Born in Worthing, West Sussex – where she still lives and works, Delaine studied for her MA at St Martins School of Art in London. Her works have been exhibited internationally and include ‘Paradise Lost’, the first Roma Pavilion for the Venice Biennale in 2007, as well as ‘Witch Hunt’ for the Gwangju Biennale South Korea 2012 and the Athens Biennale 2018. The same year, she had a solo exhibition, ‘Untouchable Gypsy Witch’ at Transmission in Glasgow, and co-curated ‘Come Out Now!’ the first Roma Biennale – an idea initiated by her late husband Damian Le Bas.

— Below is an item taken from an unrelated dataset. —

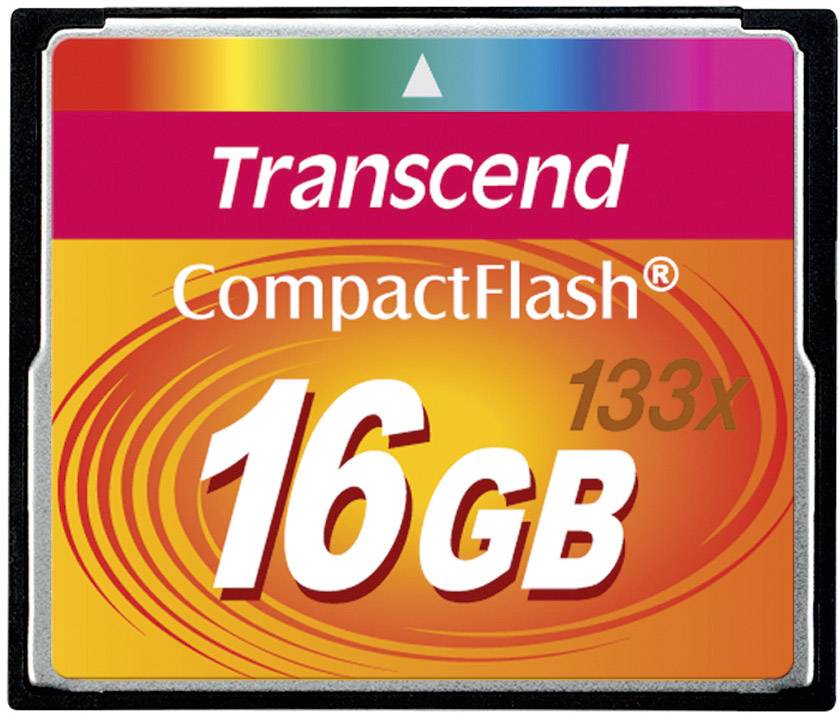 Transcend Standard 133x CompactFlash card 16 GB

Damian Le Bas died unexpectedly on 9th December 2017. A prolific artist, Damian was also an indefatigable activist whose artistic career was closely knit with his drive to create the pan-European Gypsyland; the undertaking that Delaine has shared with a larger artistic Romani community across Europe.
The exhibition ultimately touches on the universal themes of love and loss. Exposing facets of her relationship with her late husband using fragments from the diaries she has kept since his death, along with older texts, she incorporates elements that span their careers and life together. It is indeed, a deeply personal account, a record of her endeavour to integrate and come to terms with, the pain that comes with living and leaving – but equally, it is also a promise that something does endure beyond life.

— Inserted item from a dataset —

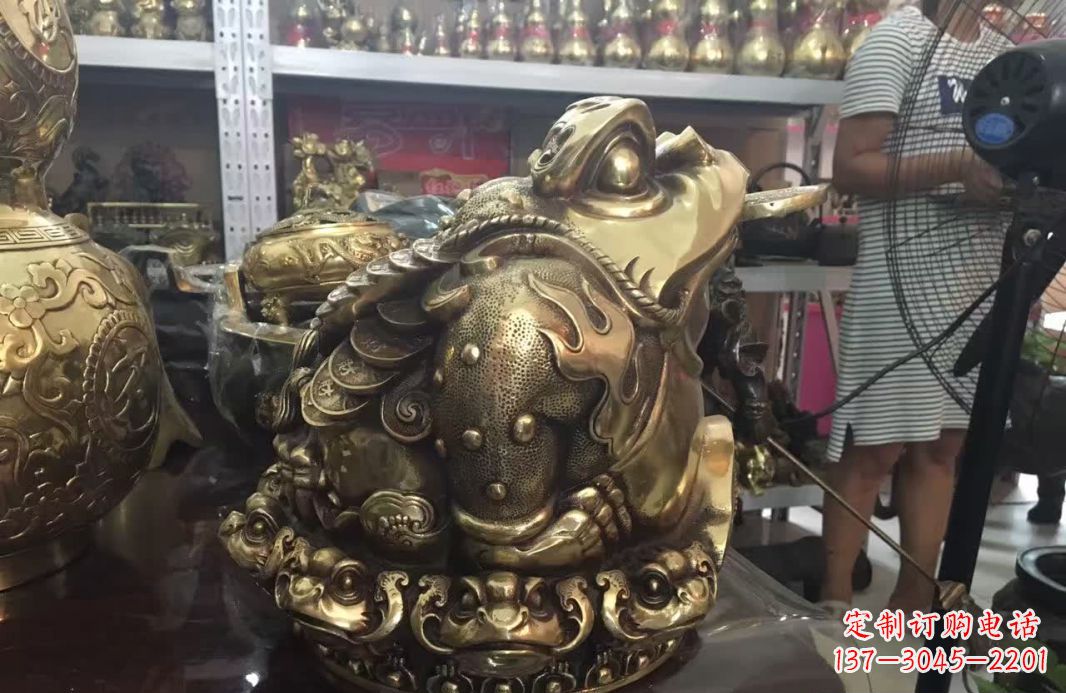 金华招财金蟾动物铜雕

“Love is strange, you think you know what it is, you taste it when it first captures you, then the thought of not having it torments you, the fear of its loss you only truly know once and for all when it is snatched away from you forever. With grief as a partner, a new relationship develops between you and the one that you love(d). Over the past year I have had to develop a new relationship with Damian – one that transcends time and the boundaries of what common sense would describe as normality.”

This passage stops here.